Required action -> Return the listing below unchanged, except that the pictures are dropped.

*** Exercise data ***

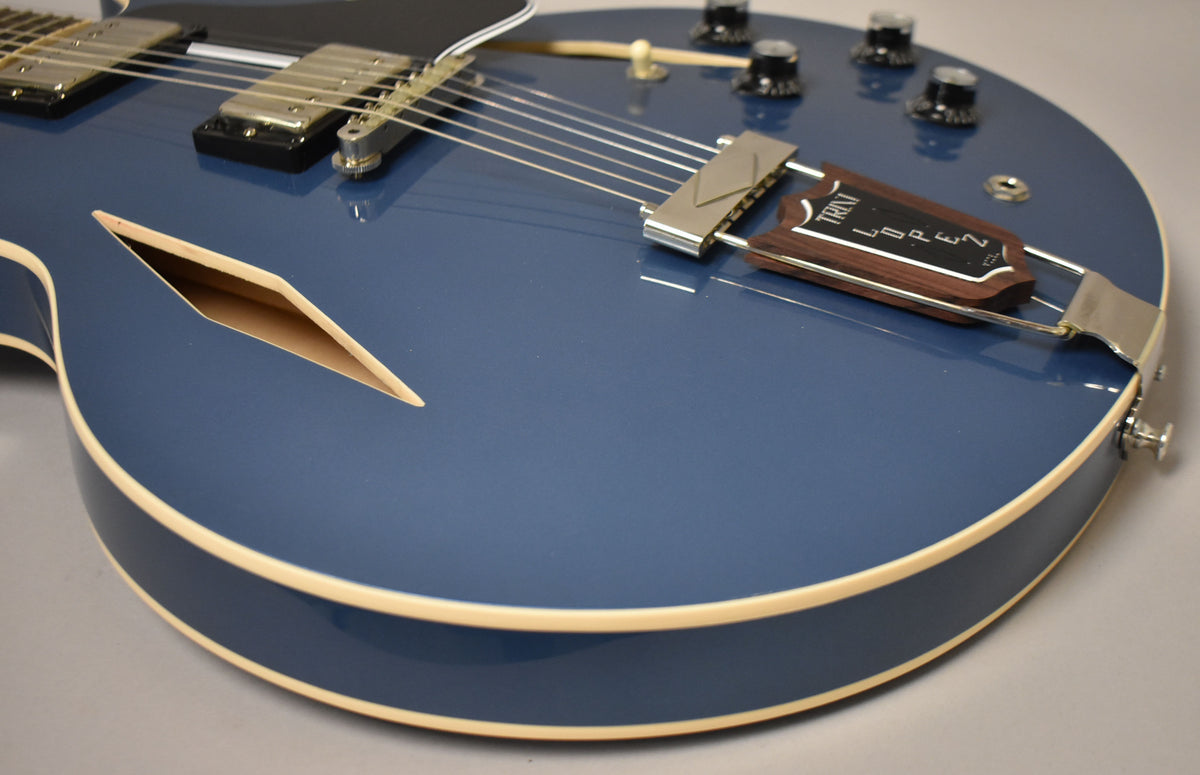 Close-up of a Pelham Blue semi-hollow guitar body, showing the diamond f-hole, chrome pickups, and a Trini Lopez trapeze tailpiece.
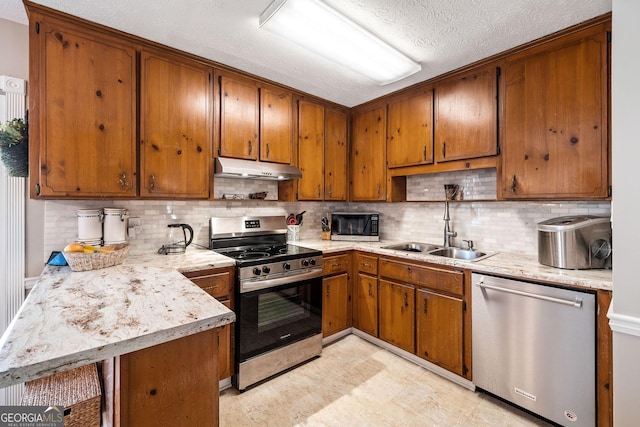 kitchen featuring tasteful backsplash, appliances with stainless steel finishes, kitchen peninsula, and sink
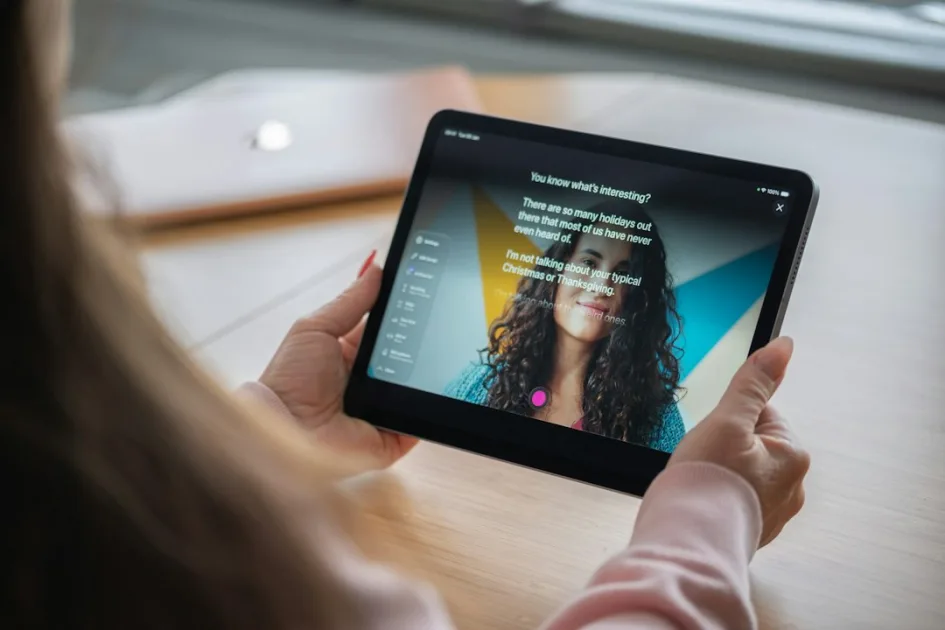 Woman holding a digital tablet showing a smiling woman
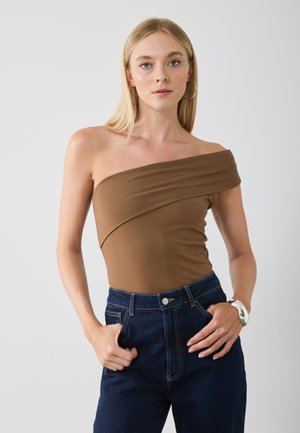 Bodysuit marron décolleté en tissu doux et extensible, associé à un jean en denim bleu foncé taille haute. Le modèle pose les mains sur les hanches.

*** End of Exercise data ***

Reply to the task ->
 Close-up of a Pelham Blue semi-hollow guitar body, showing the diamond f-hole, chrome pickups, and a Trini Lopez trapeze tailpiece.
 kitchen featuring tasteful backsplash, appliances with stainless steel finishes, kitchen peninsula, and sink
 Woman holding a digital tablet showing a smiling woman
 Bodysuit marron décolleté en tissu doux et extensible, associé à un jean en denim bleu foncé taille haute. Le modèle pose les mains sur les hanches.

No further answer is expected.